• **About this task**
Return the line containing "2242 Collins Way" and every line beneath it through the end of the entries below, unchanged. Pictures stay out.

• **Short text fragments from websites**
======

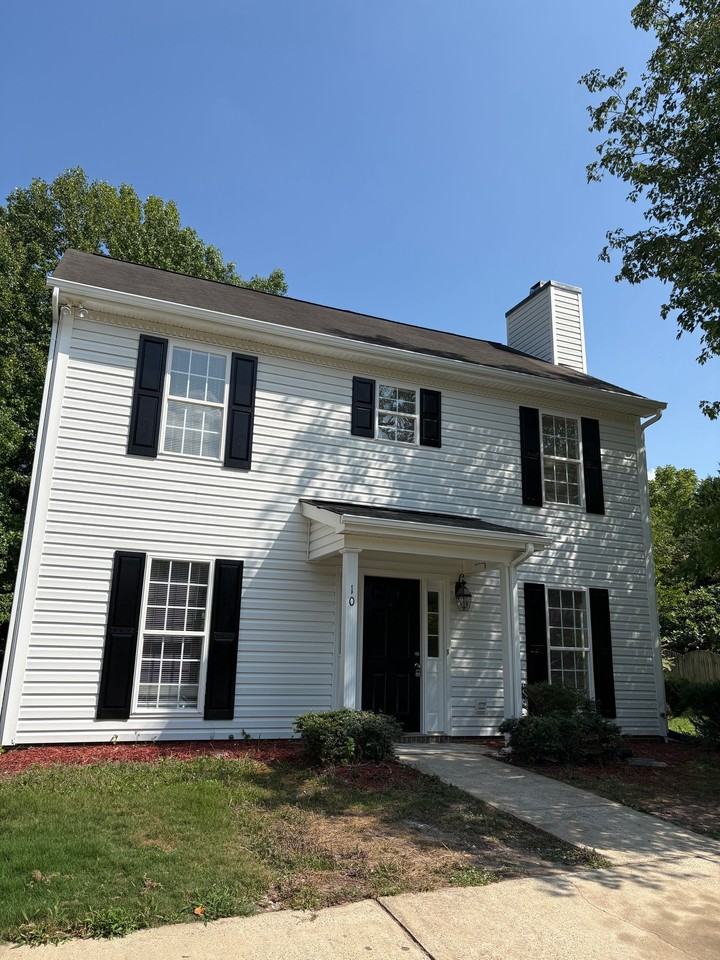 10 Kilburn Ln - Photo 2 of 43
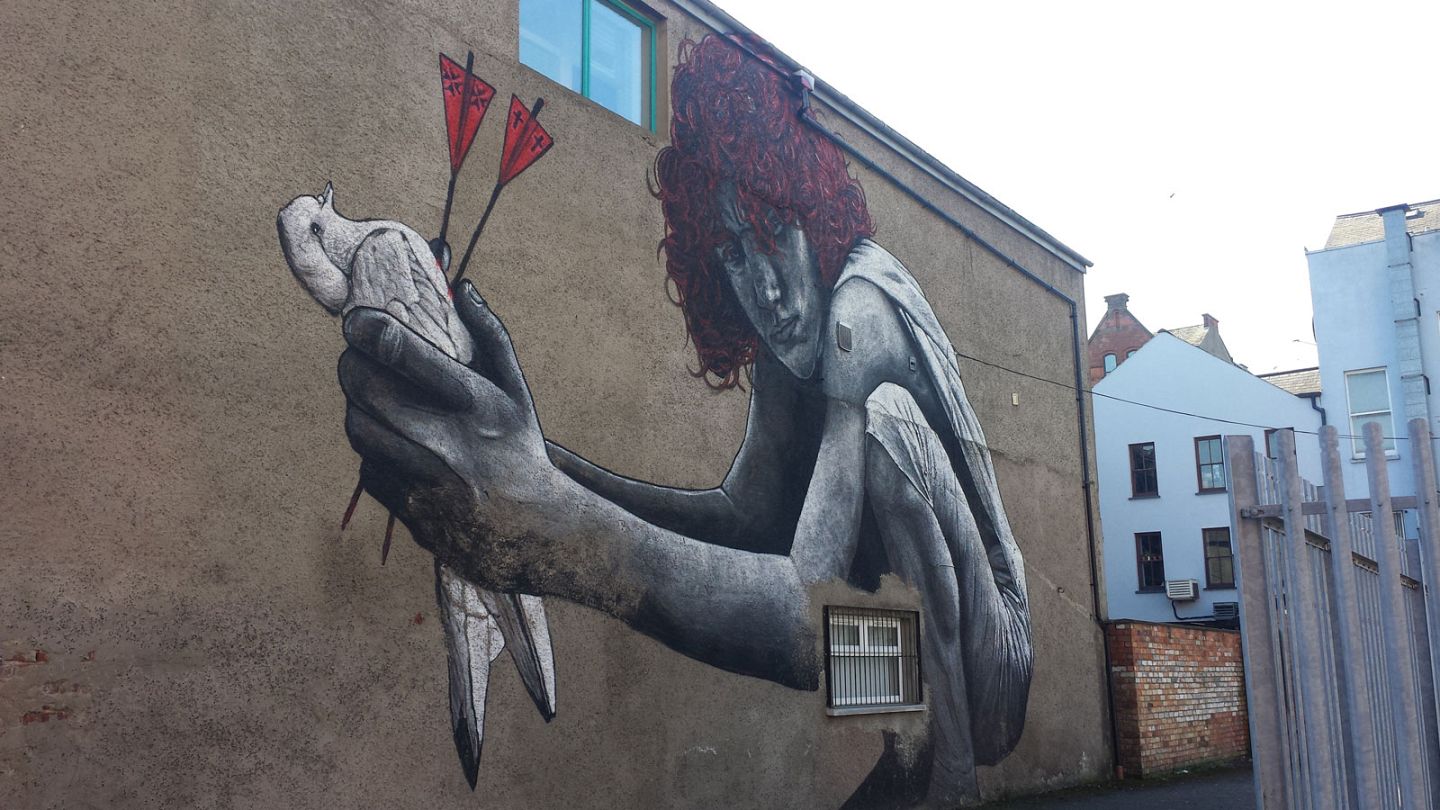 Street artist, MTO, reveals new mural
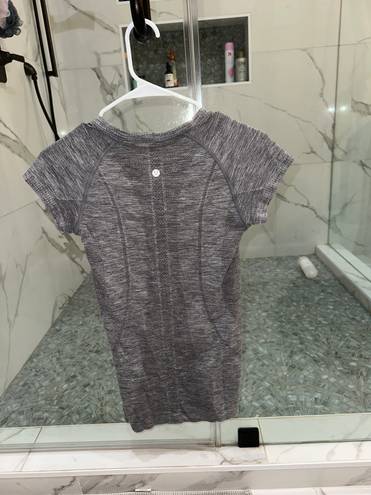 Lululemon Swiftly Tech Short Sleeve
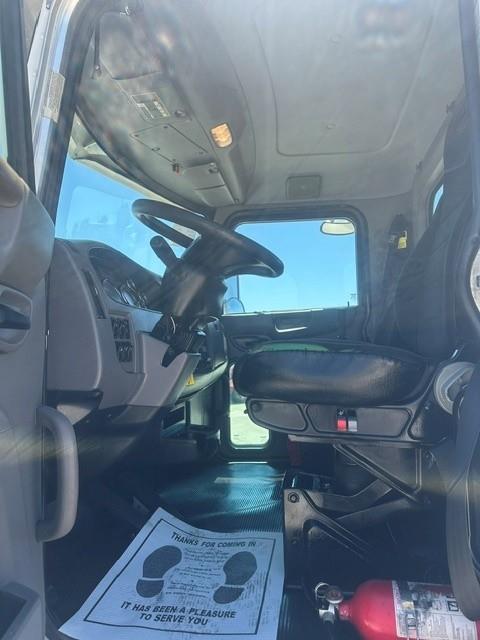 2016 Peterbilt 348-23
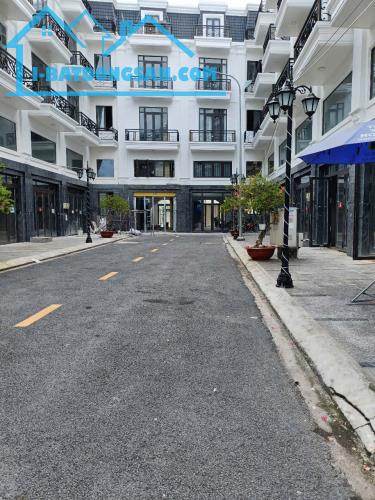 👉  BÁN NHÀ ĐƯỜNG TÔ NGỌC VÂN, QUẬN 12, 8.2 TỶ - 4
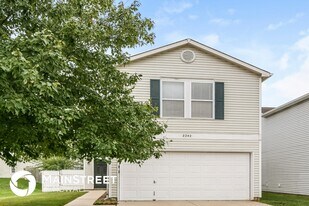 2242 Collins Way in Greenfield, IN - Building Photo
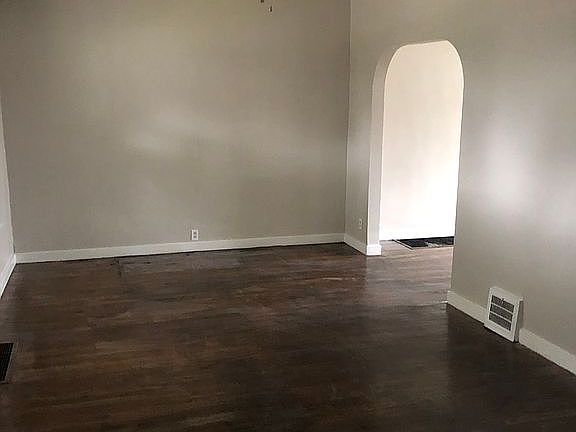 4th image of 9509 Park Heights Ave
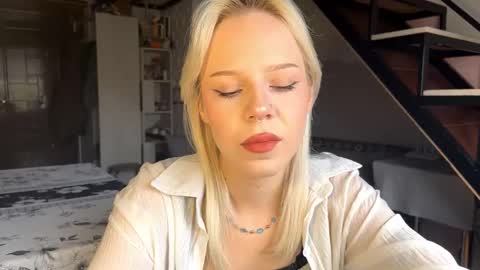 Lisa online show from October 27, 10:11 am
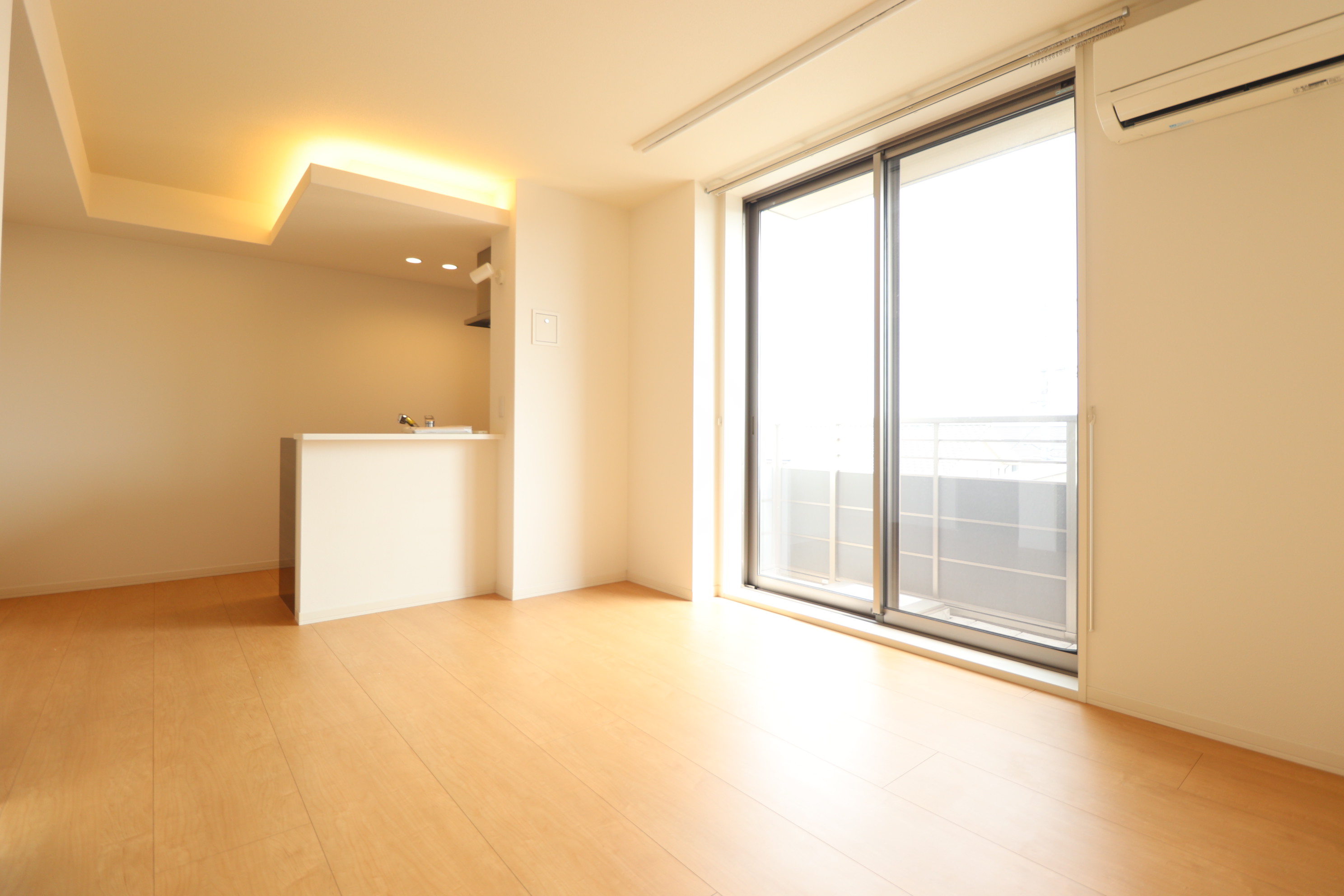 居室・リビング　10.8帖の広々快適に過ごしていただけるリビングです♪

======

• **Solution for this problem**
 2242 Collins Way in Greenfield, IN - Building Photo
 4th image of 9509 Park Heights Ave
 Lisa online show from October 27, 10:11 am
 居室・リビング　10.8帖の広々快適に過ごしていただけるリビングです♪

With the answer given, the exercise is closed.